[ 
https://issues.apache.org/jira/browse/KAFKA-17455?page=com.atlassian.jira.plugin.system.issuetabpanels:comment-tabpanel&focusedCommentId=17890484#comment-17890484
 ] 

David Jacot commented on KAFKA-17455:
-------------------------------------

We were able to root cause the issue based on logs share by [~coltmcnealy-lh] 
privately.
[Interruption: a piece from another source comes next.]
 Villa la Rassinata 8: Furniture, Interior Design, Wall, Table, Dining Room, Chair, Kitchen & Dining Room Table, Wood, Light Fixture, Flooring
Posting my analysis here for the record.

In the logs, I see the following two entries:

1.
{code:java}
17:21:09 [30mTRACE[m [KAFKA] TransactionManager - [Producer 
clientId=my-cluster-1-core-StreamThread-1-producer, 
transactionalId=my-cluster-core-00000001-0000-0000-0000-000000000000-1] Request 
AddOffsetsToTxnRequestData(transactionalId='my-cluster-core-00000001-0000-0000-0000-000000000000-1',
 producerId=2, producerEpoch=32, groupId='my-cluster-core') dequeued for 
sending{code}

2.
{code:java}
17:22:09 [36mDEBUG[m [KAFKA] Sender - [Producer 
clientId=my-cluster-1-core-StreamThread-1-producer, 
transactionalId=my-cluster-core-00000001-0000-0000-0000-000000000000-1] Sending 
transactional request 
AddOffsetsToTxnRequestData(transactionalId='my-cluster-core-00000001-0000-0000-0000-000000000000-1',
 producerId=2, producerEpoch=32, groupId='my-cluster-core') to node 
localhost:9092 (id: 1 rack: null) with correlation ID 360{code}
Here is the code between those two log lines:
{code:java}
        TransactionManager.TxnRequestHandler nextRequestHandler = 
transactionManager.nextRequest(accumulator.hasIncomplete());
        if (nextRequestHandler == null)
            return false;
        AbstractRequest.Builder<?> requestBuilder = 
nextRequestHandler.requestBuilder();
        Node targetNode = null;
        try {
            FindCoordinatorRequest.CoordinatorType coordinatorType = 
nextRequestHandler.coordinatorType();
            targetNode = coordinatorType != null ?
                    transactionManager.coordinator(coordinatorType) :
                    client.leastLoadedNode(time.milliseconds()).node();
            if (targetNode != null) {
                if (!awaitNodeReady(targetNode, coordinatorType)) {
                    log.trace("Target node {} not ready within request timeout, 
will retry when node is ready.", targetNode);
                    maybeFindCoordinatorAndRetry(nextRequestHandler);
                    return true;
                }
            } else if (coordinatorType != null) {
                log.trace("Coordinator not known for {}, will retry {} after 
finding coordinator.", coordinatorType, requestBuilder.apiKey());
                maybeFindCoordinatorAndRetry(nextRequestHandler);
                return true;
            } else {
                log.trace("No nodes available to send requests, will poll and 
retry when until a node is ready.");
                transactionManager.retry(nextRequestHandler);
                client.poll(retryBackoffMs, time.milliseconds());
                return true;
            }
            if (nextRequestHandler.isRetry())
                time.sleep(nextRequestHandler.retryBackoffMs());
            long currentTimeMs = time.milliseconds();
            ClientRequest clientRequest = 
client.newClientRequest(targetNode.idString(), requestBuilder, currentTimeMs,
                true, requestTimeoutMs, nextRequestHandler);
            log.debug("Sending transactional request {} to node {} with 
correlation ID {}", requestBuilder, targetNode, clientRequest.correlationId());
            client.send(clientRequest, currentTimeMs);
{code}

The first log line is printed in transactionManager.nextRequest.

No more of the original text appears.